Actually it is not difficult at all if you arrange things properly. The trick is probably not to offer any prizes. This way the top players have no incentive to try too hard to win. Of course you have to give them appearance fees to make it worth their while.

The composition of the tournament is very important. You want to have some high rated guys to make the norm reasonably easy. Throw in a few lower rateds - their job is to provide some free points for those seeking norm possibilities.

Recently Brunei organized title tournaments with IM norms possibility. Since the players are already there, why organize one when you can have two? The logic is unquestionable. The two tournaments were very successful in that four IM norms were achieved.

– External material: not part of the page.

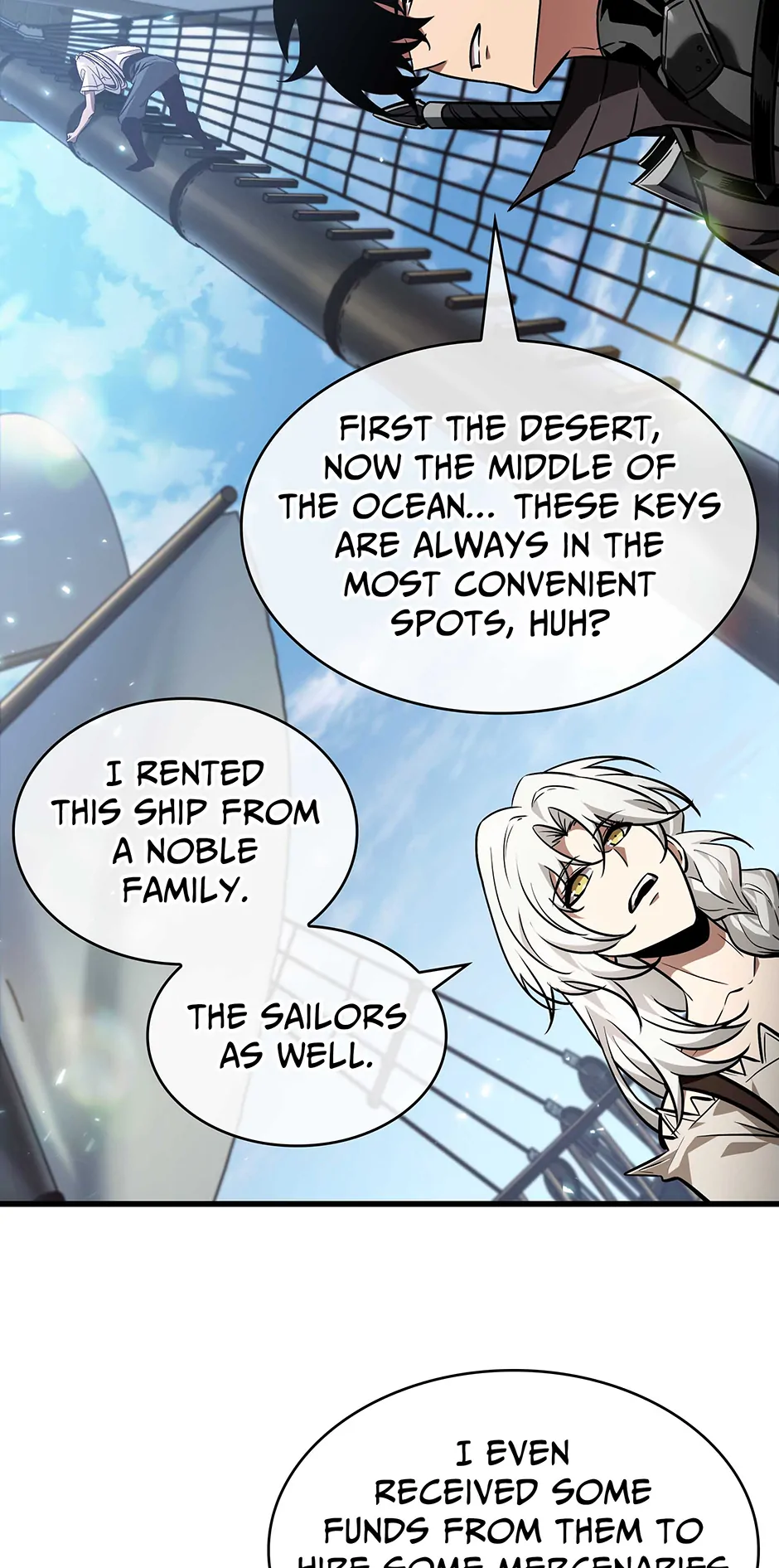 Read Pick Me Up ENGLISH Manga Online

Irene Sukandar Kharisma benefitted the most as she achieved the IM (Men) norm in both tournaments. India's Ramnath Bhuvanesh achieved his final norm in the second tournament. Brunei also struck gold in the second tournament when Yee Soon Wei made his first norm. This is Brunei's first ever International Master norm.









If you look at the crosstable for the 2nd tournament you will see how easy it is. The norm is 6.5 points. Now you need to get four points from the bottom four - easy for any IM aspirant. Essentially it becomes a six man tournament. That leaves another 2.5 points which you need to get from the remaining five players - not too difficult, just avoid losing. Ramnath Bhuvanesh even exceeded this when he beat second placed Irine. Incidentally, I played him in the Malaysian Open in 2007 when he was just fourteen years old. He had an overwhelmingly winning position. I could have resigned on his next move, except he played a horrible blunder which lost for him. Another Indian youngster I played was Srinath Narayanan in the 2006 Malaysian Open who went on to achieve the IM title.

It is time for MCF to try something similar. After all we already have a resident GM and four IMs in the country.